Nvidia avisa de que la oferta de sus chips seguirá siendo el cuello de botella al menos hasta el final de su año fiscal 2028, pero esa misma escasez le permite comprometerse a crecer un 70% en ingresos. La compañía también anticipa nuevas subidas de precios en memoria y el mercado celebra las perspectivas con una subida de alrededor del 4%.
Nvidia ha lanzado un aviso importante a los inversores: la oferta de sus sistemas de inteligencia artificial seguirá siendo el cuello de botella, como mínimo, hasta el final de su año fiscal 2028. La compañía asegura que la demanda es muy superior al 70% de crecimiento de ingresos que prevé para 2028, pero es precisamente la capacidad de suministro la que le permite comprometerse con esa cifra con confianza. Dicho en plata: vendería más si pudiera fabricar más.
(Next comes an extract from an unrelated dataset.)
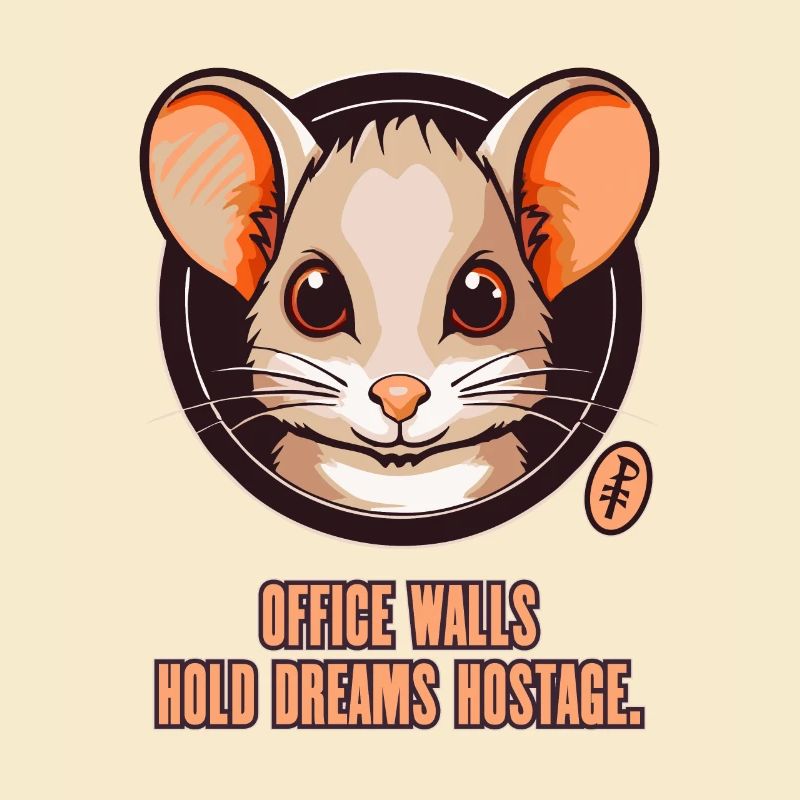 Philosopy Mouse: Office Walls Hold Tears Hostage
Las declaraciones se produjeron después de publicar sus últimos resultados trimestrales, y vinieron acompañadas de varias previsiones concretas. Para el año fiscal 2027, Nvidia espera unos gastos operativos de 9.000 millones de dólares y un tipo impositivo efectivo de entre el 16% y el 18%. Además, confía en que los ingresos de sus CPUs se multipliquen por más de dos en el año fiscal 2028 y ha ampliado su colaboración estratégica con AWS, la división de nube de Amazon.
Uno de los momentos más destacados de la llamada fue la advertencia sobre la memoria, un componente clave en los sistemas de IA. Nvidia asegura que está viendo “condiciones de precios extremas”, las mayores que recuerda, y que la magnitud de las subidas ya ha superado sus expectativas. Lo peor (o mejor, según se mire) es que esos precios seguirán subiendo el año que viene: el primer incremento entrará en vigor a partir del primer trimestre.
El mercado reaccionó con optimismo: las acciones de Nvidia llegaron a subir alrededor de un 4% después de conocerse estas perspectivas, hasta los 218,77 dólares. Para el inversor particular, el mensaje clave es que la demanda de IA sigue desbocada, pero que el límite real al crecimiento a corto plazo no está en los pedidos, sino en la capacidad de producción.
El análisis de Salseo
- El hecho de que la oferta, y no la demanda, marque el ritmo es la mejor posición en la que puede estar un fabricante: Nvidia tiene visibilidad de ingresos, clientes haciendo cola y poder para subir precios. La escasez no es un fallo, es una palanca.
- La subida de precios en memoria tiene un doble efecto: encarece los componentes que Nvidia compra, pero también le da argumentos para subir el precio de sus propios sistemas sin frenar pedidos. La señal a vigilar es si esos incrementos acaban protegiendo el margen o si, por el contrario, se los come la inflación de costes.
- La previsión de gastos operativos de 9.000 millones para el año fiscal 2027 sugiere que Nvidia intenta mantener el gasto bajo control mientras los ingresos se disparan. Si lo consigue, gran parte de ese crecimiento extra debería acabar en margen y en beneficio, que es lo que al final mira el inversor.
- La reacción alcista del 4% parece coherente con las buenas noticias, pero conviene no dormirse: si el cuello de botella se alarga hasta 2028, cualquier señal de que la demanda se enfría o de que la competencia logra una alternativa podría castigar a la acción con la misma rapidez. El equilibrio entre oferta y demanda es ahora el termómetro a seguir.